The Reds have somehow been one of the best teams coming out of the All-Star Break, winning all but four series. They came home to play a Rangers team that is coasting to an easy playoff spot and put up a pretty good fight, splitting the two-game set and ultimately the season series. Even though there were only two games, however, there was a lot to learn from this on both sides of the diamond and it deserves a breakdown.
Billy Hamilton should be a gold glover, fielding bible winner, etc; might also be one of the best center fielders to ever play
Since he came into the league, Billy Hamilton has gained a reputation of being the fastest player in baseball, if not one of the fastest in sports. This has unfortunately accompanied a reputation of being a weak hitter. This year, Hamilton has turned that narrative on its head. Reaching base at a .321 clip (a 27-point increase over last year), Hamilton has transformed himself from a defense (and base-stealing) first player into a legitimate all-around weapon. But this should not distract in the slightest from what he has done in the outfield. Because that has been, quite simply put, amazing. And it was on full display against the Rangers both games. First, there was this insane catch that definitely no one else gets to on Tuesday night.
Then, there was the gem that ended an inning and helped keep a close game close. In summary, Billy Hamilton is a marvel, at least when he has a fielding glove on his hand.
Adrian Beltre is a no doubt Hall-of-Famer
Adrian Beltre may have played for a lot of teams over the years, but his greatness should in no way be denied, especially when the time comes for him to get the call from Cooperstown. The guy is 37 and is still turning in great plays and swinging the bat. As long as he refrains from killing Elvis Andrus the next several times he tries to touch his head, Beltre’s (eventual) 3000 hits ought to easily earn him a spot among baseball’s immortals.

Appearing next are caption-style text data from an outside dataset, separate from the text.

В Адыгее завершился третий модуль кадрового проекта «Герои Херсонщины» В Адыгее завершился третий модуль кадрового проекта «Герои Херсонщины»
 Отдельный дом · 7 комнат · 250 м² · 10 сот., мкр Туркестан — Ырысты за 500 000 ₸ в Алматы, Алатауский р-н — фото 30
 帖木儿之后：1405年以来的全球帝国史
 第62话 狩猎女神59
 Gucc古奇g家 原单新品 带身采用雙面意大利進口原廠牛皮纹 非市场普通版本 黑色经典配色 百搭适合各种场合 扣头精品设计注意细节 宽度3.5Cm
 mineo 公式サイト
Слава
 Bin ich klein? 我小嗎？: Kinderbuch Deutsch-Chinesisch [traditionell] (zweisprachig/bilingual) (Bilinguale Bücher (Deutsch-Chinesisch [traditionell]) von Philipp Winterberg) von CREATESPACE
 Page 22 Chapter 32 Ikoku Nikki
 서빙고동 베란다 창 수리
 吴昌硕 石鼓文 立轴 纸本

Reds pitching remains a mystery
On any given night, the Reds might throw a shutout, like they did on Tuesday. Or they might get blown out of the water with 18 runs like they did on Monday afternoon. The offense has been consistently great since the break with Joey Votto’s seemingly traditional second-half resurgence, but the team has at times been held back by the growing pains of pitchers returning from injury and the turnover resulting from rookies being sent down to the minors. And it does not look like the Reds will have an easier time, even when rosters expand in September. Because with the return of said rookies and the end of the season comes the new potential problems of managing immaturity and innings. The specter of bullpen relegation remains over the heads of Robert Stephenson, Cody Reed (with regard to the latter problem) and Brandon Finnegan (with regard to the former) and the Reds still have not decided on a plan (though the six-man rotation is apparently being considered, as it should). Yu Darvish hitting his first home run to contribute to a five-spot on pleasant surprise, Tim Adleman cannot make the Reds feel much better about their situation.
In conclusion, the Reds are putting an entertaining product on the field most nights, despite the skepticism of most of the fan-base. However, they still have a lot of questions to answer before they can take the next step and translate their recent winning ways into serious playoff contention, as the Rangers did, once again.